> [WHAT TO DO]
Since the listing below shows pictures, leave them out and write out exactly the lines from the line with "Banner ONGTOTO untuk Ambang usia" to the line with "CONTROL DE TEMPERATURA 100-240V", both included, and no others.

>>>>>

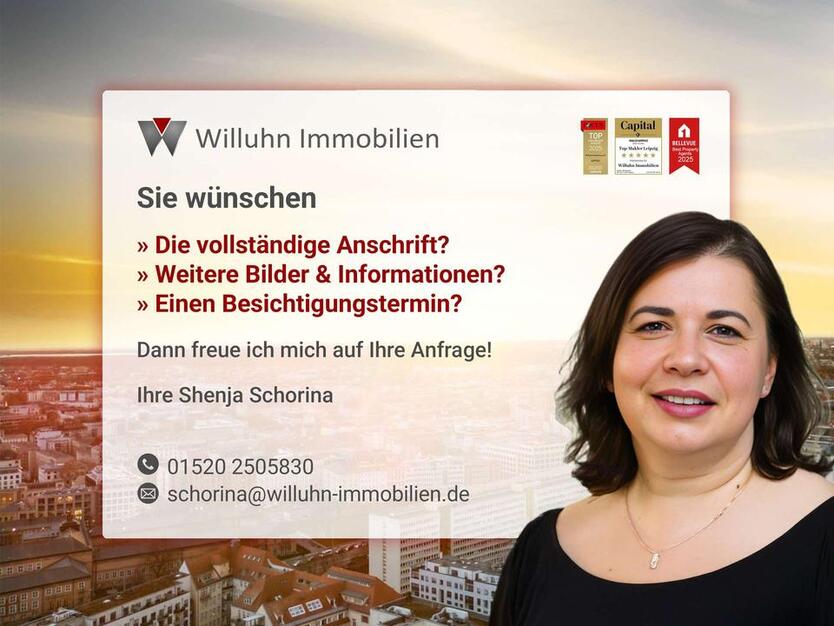 Geräumige 4RW | Hochwertig saniert | Garten, Terasse, Tageslichtbad & Fußbodenheizung!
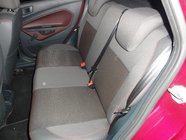 Ford Fiesta 2008–2017 Jaunums! Ekoādas autosēdekļu pārvalki (2008-2012) Brothers Premium foto 2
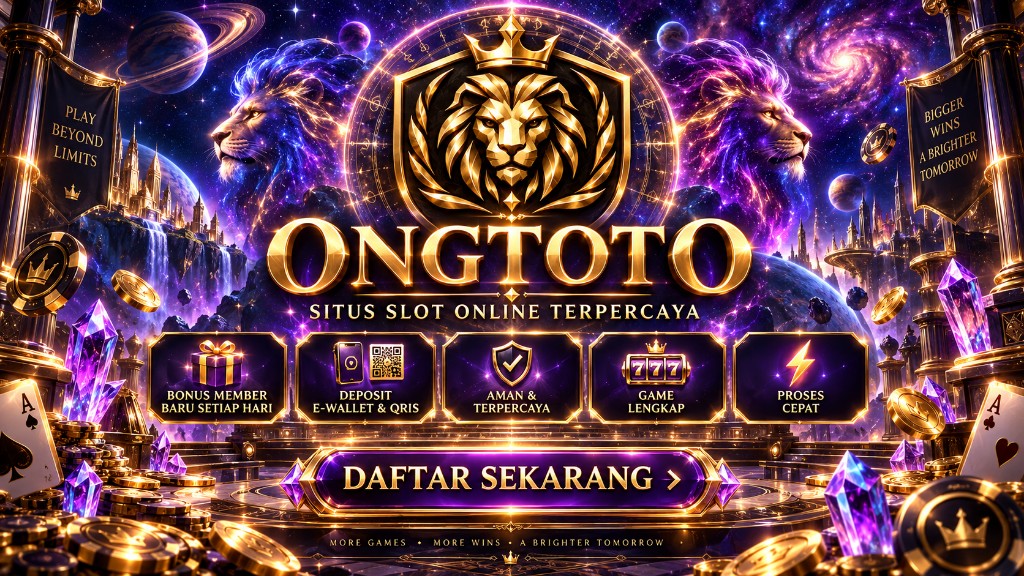 Banner ONGTOTO untuk Ambang usia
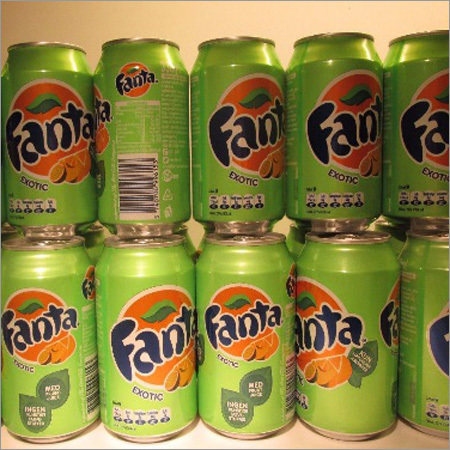 Fanta 330ml Can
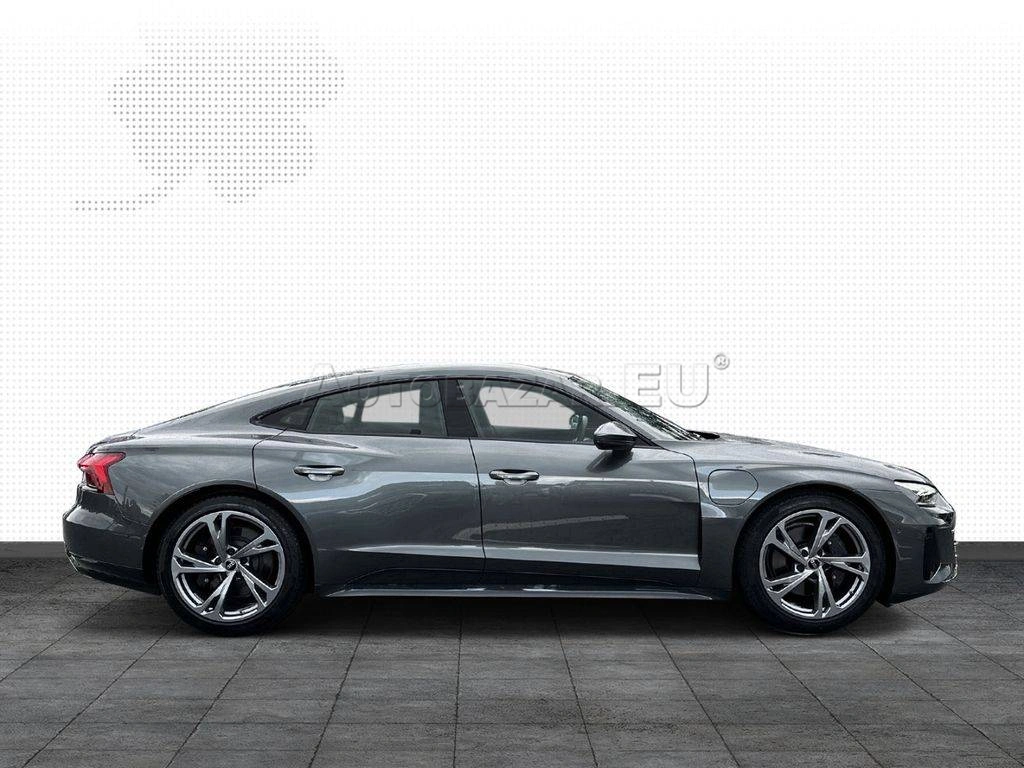 Audi E-tron GT quattro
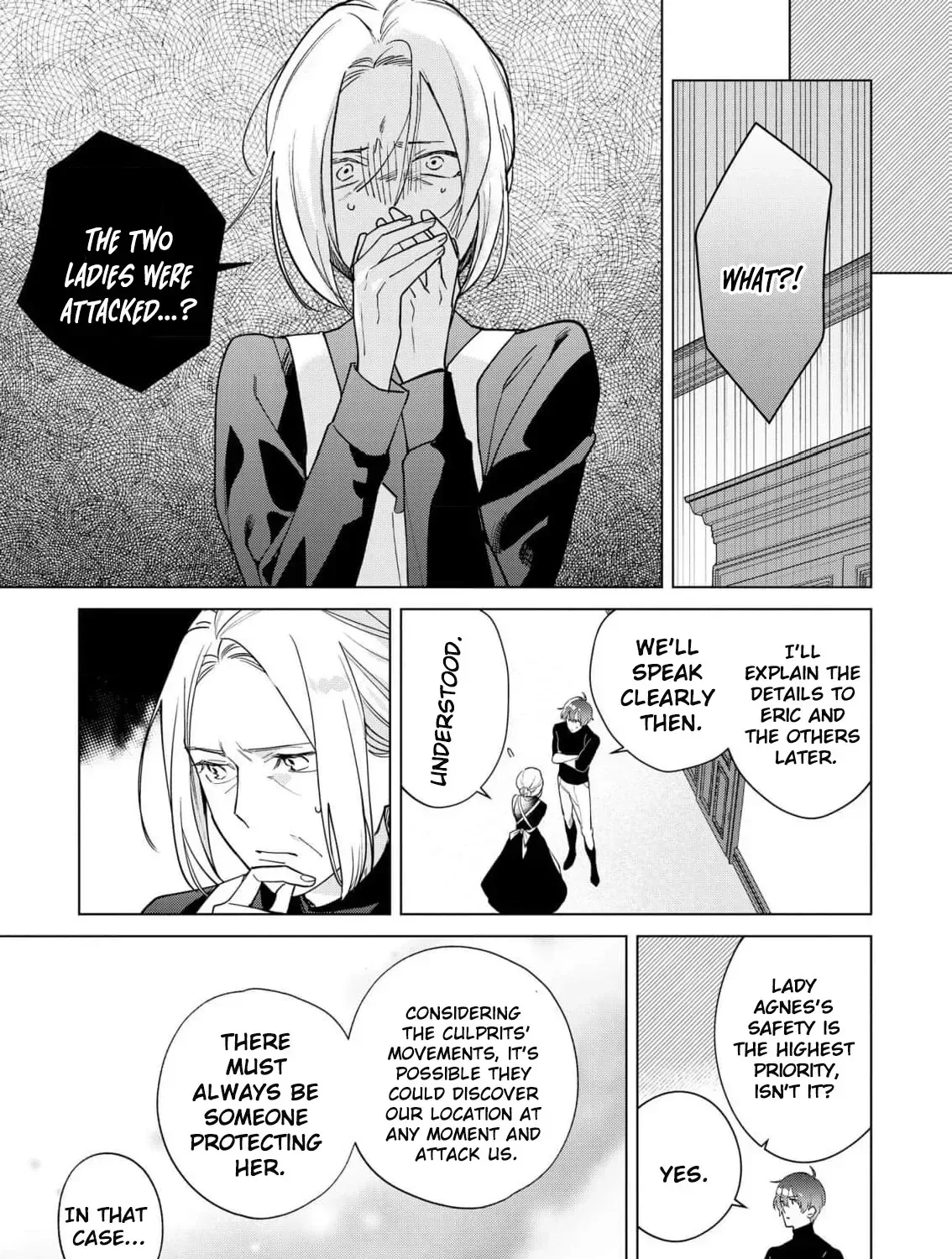 The Daughter of a Fallen Aristocrat Becomes The Poor Knight's Maidservant Chapter 20 page 51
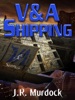 V and A Shipping artwork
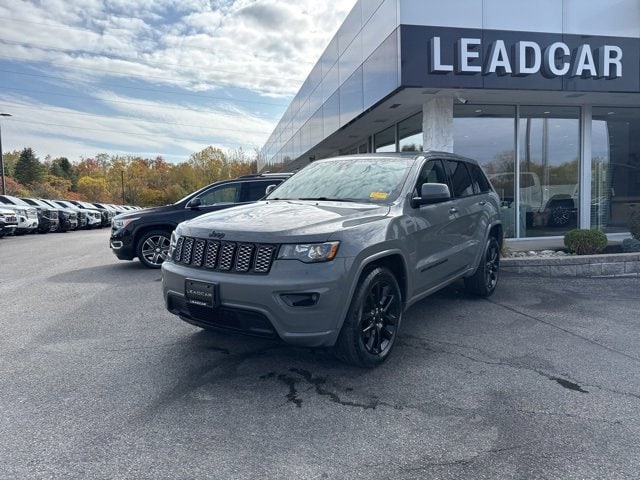 2020 Jeep Grand Cherokee Altitude's photo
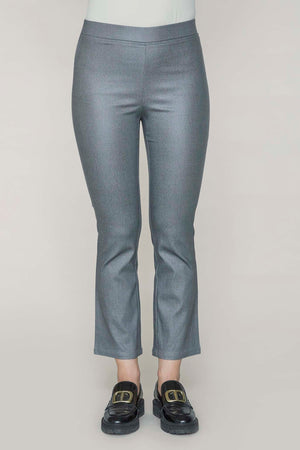 I SAY Helga Pant Pants 692 Salt & Pepper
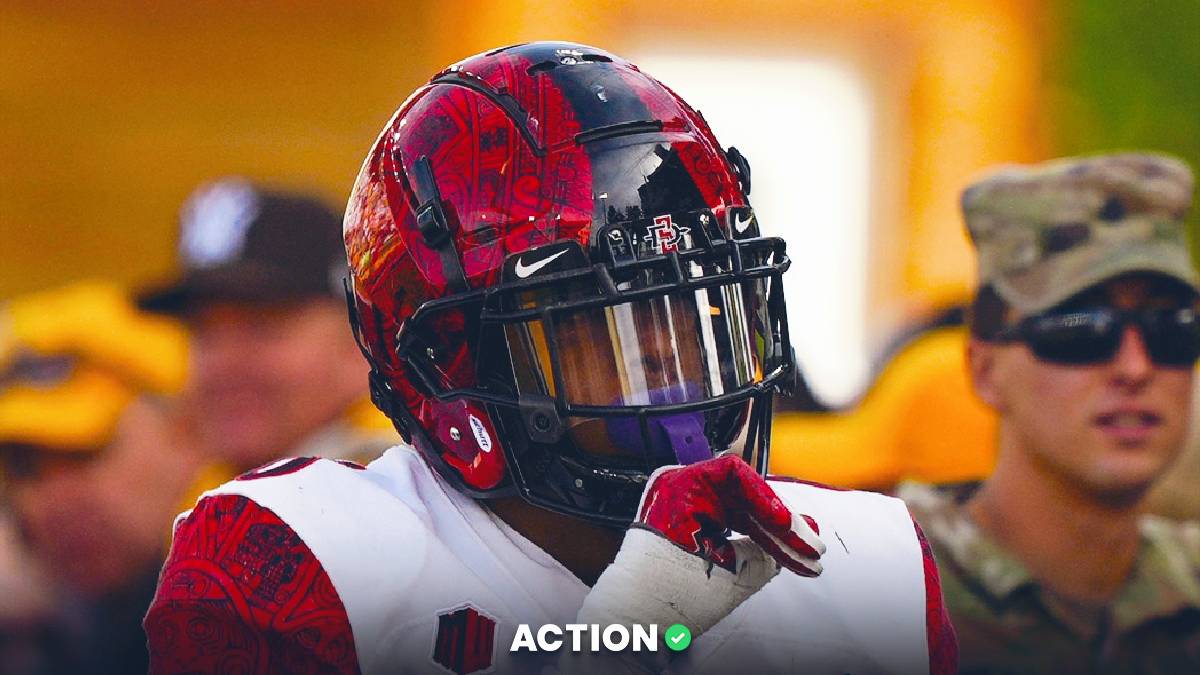 Stony Brook vs San Diego State College Football Picks Thursday Night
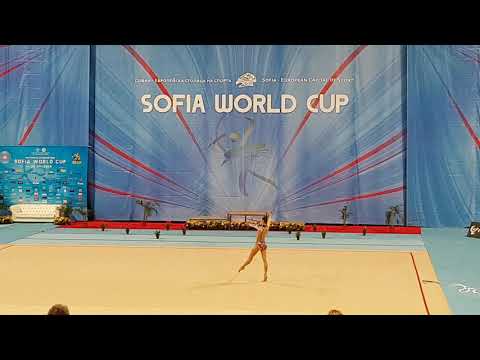Nikol Voronkov Clubs - Sofia World Cup 2018
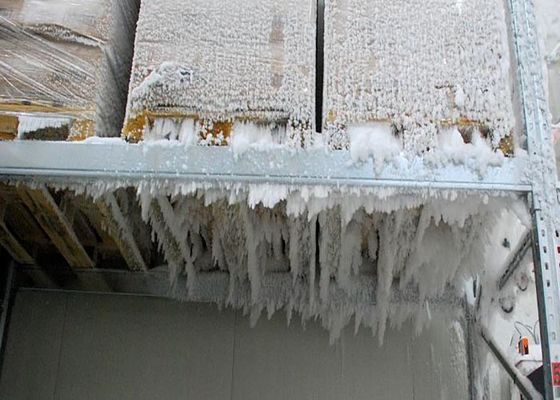 Estacas de armazenamento de aço industrial duráveis, de protecção contra corrosão, estacas de paletes metálicas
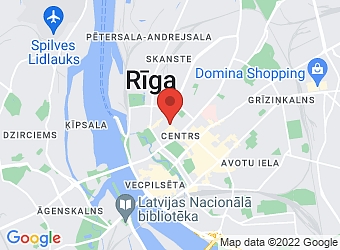  Dzirnavu 31, Rīga, LV-1010,  GS 7, SIA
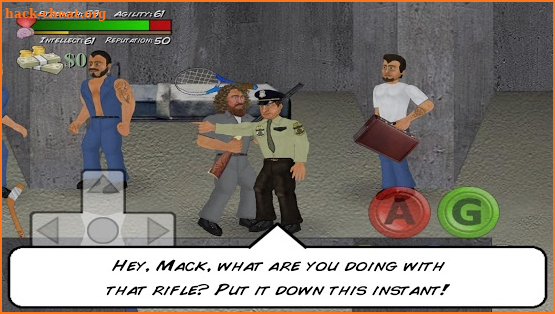 Hard Time (Prison Sim) screenshot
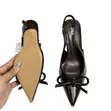 Pre-Order Zara Heeled Sandals - 3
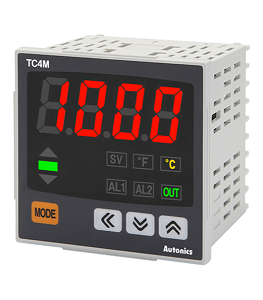 CONTROL DE TEMPERATURA 100-240V 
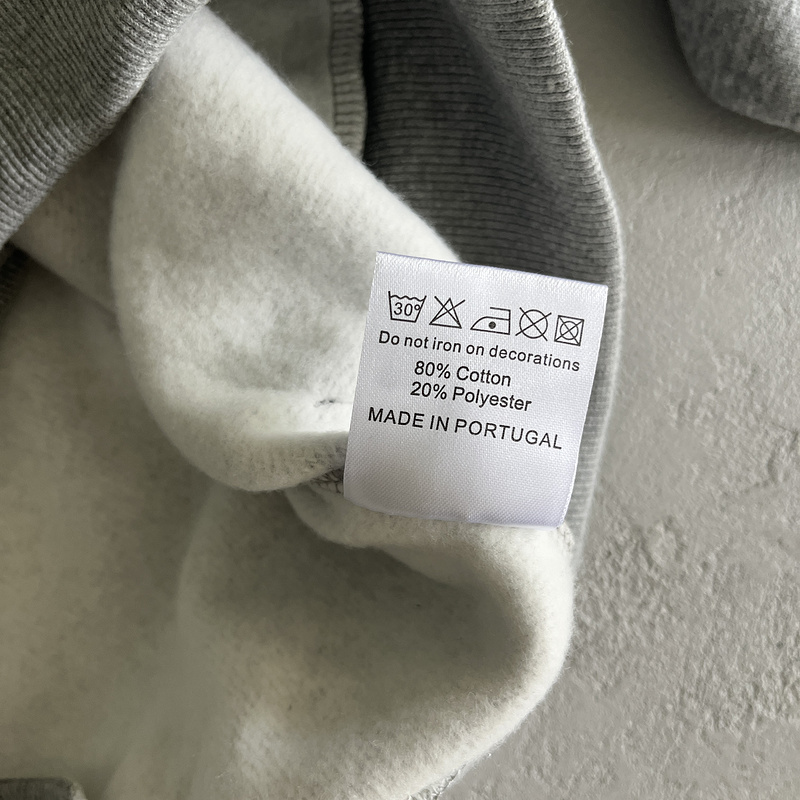 266¥ IRONGATE CHENILLE AECH HOODIE TRACKSUIT-GREY/BLUE/WHITE | Yupoo - Image 17
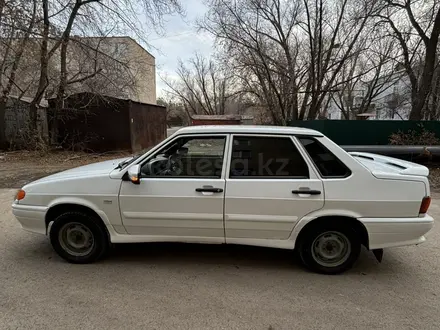 ВАЗ (Lada) 2115 2010 года за 1 700 000 тг. в Кокшетау – фото 4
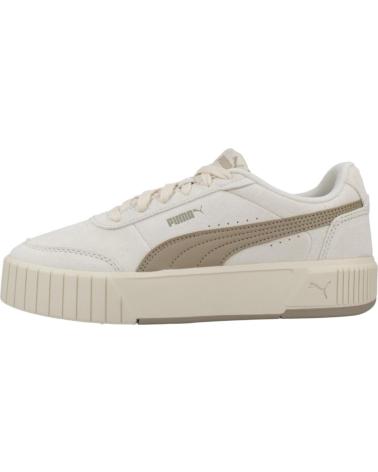 PUMA CARINA MIA SD BIANCO WHITE WHITE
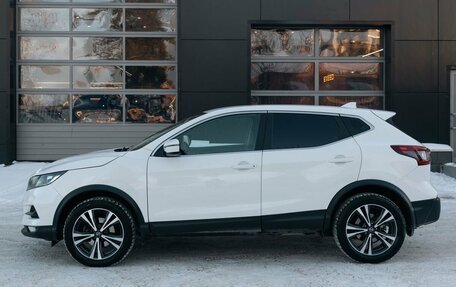 Nissan Qashqai, 2019 год, 2 530 000 рублей, 2 фотография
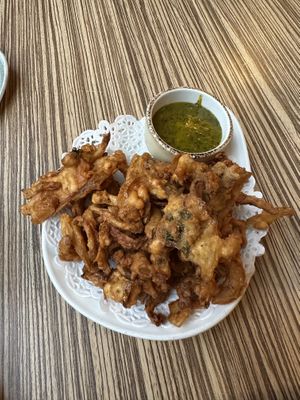   at Indian Temptation in Bath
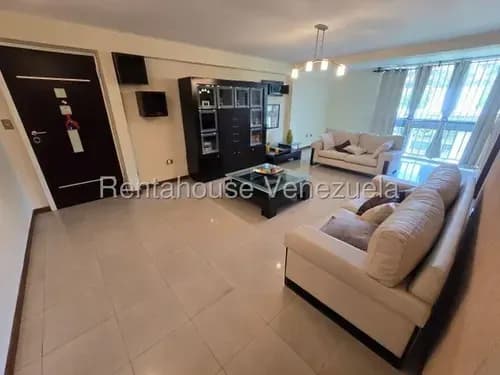 Tg Apartamento En Venta En Caurimare, Moderno Con Acabados De Lujo 26-19560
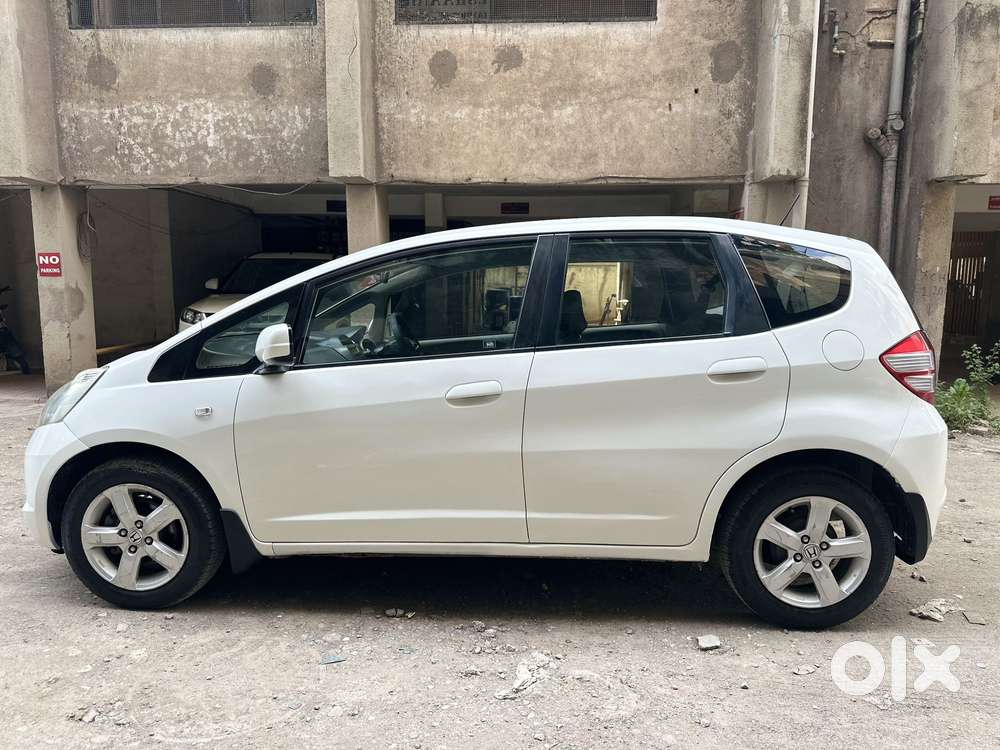 Honda Jazz 1.2 V I Vtec Privilege, 2010, Petrol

<<<<<

> [TASK OUTPUT]
 Banner ONGTOTO untuk Ambang usia
 Fanta 330ml Can
 Audi E-tron GT quattro
 The Daughter of a Fallen Aristocrat Becomes The Poor Knight's Maidservant Chapter 20 page 51
 V and A Shipping artwork
 2020 Jeep Grand Cherokee Altitude's photo
 I SAY Helga Pant Pants 692 Salt & Pepper
 Stony Brook vs San Diego State College Football Picks Thursday Night
Nikol Voronkov Clubs - Sofia World Cup 2018
 Estacas de armazenamento de aço industrial duráveis, de protecção contra corrosão, estacas de paletes metálicas
  Dzirnavu 31, Rīga, LV-1010,  GS 7, SIA
 Hard Time (Prison Sim) screenshot
 Pre-Order Zara Heeled Sandals - 3
 CONTROL DE TEMPERATURA 100-240V 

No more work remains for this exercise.